Associate Professor Rami Korhonen from the University of Eastern Finland has studied the use of supercomputer modelling to simulate the progression of osteoarthritis of the knee. Korhonen has received funding from the Academy of Finland and the European Research Council (ERC).
“Current imaging methods, such as radiography and magnetic resonance imaging, only provide data on the narrowing of the joint space or on the thickness and characteristics of the joint cartilage. However, assessing the development of arthrosis individually for each patient is a difficult and highly subjective task,” says Korhonen.

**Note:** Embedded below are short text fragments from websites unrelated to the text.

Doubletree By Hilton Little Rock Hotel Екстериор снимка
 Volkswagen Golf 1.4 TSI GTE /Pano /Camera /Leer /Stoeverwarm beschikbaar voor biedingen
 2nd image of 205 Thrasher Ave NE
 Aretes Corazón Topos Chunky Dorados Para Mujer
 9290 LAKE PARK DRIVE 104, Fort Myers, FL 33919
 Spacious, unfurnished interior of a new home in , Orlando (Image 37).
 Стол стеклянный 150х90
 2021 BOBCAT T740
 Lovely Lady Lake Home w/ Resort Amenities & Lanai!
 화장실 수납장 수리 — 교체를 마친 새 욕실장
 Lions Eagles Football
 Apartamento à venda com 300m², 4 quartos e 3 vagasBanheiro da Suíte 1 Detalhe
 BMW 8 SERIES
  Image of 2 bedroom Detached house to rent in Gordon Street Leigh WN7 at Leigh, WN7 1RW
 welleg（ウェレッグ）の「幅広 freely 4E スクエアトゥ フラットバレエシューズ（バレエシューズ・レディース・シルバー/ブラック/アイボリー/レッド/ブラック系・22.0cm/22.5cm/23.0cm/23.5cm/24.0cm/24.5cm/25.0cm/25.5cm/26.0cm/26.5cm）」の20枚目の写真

The results of Korhonen’s research team were published in the journal Scientific Reports earlier this year. The team developed a novel method based on a computational model that uses magnetic imaging information for the patient-specific assessment of how arthrosis progresses in the knee.
“The method is based on excessive and cumulatively accumulated stresses within the knee joint cartilage during gait loading. The computational simulation relies on finite element modelling. The basic idea is that the cumulative stresses caused by walking causes local degeneration in the knee cartilages of overweight people,” explains Korhonen.
The developed algorithm was tested and validated against an experimental baseline and four-year follow-up data. The algorithm accurately simulated cartilage degeneration in the subject group with overweight people, while the normal-weight subject group’s joints remained intact.
In the future, the method developed by Korhonen’s team may provide a new tool for patient-specific prediction of arthrosis progression. The method could be used, for instance, to evaluate how obesity affects cartilage health or to assess the effects of surgical operations (e.g. ligament reconstruction) on the development of arthrosis. The ultimate goal of the computational model is to find the best possible treatment to slow the progression of arthrosis,” says Korhonen.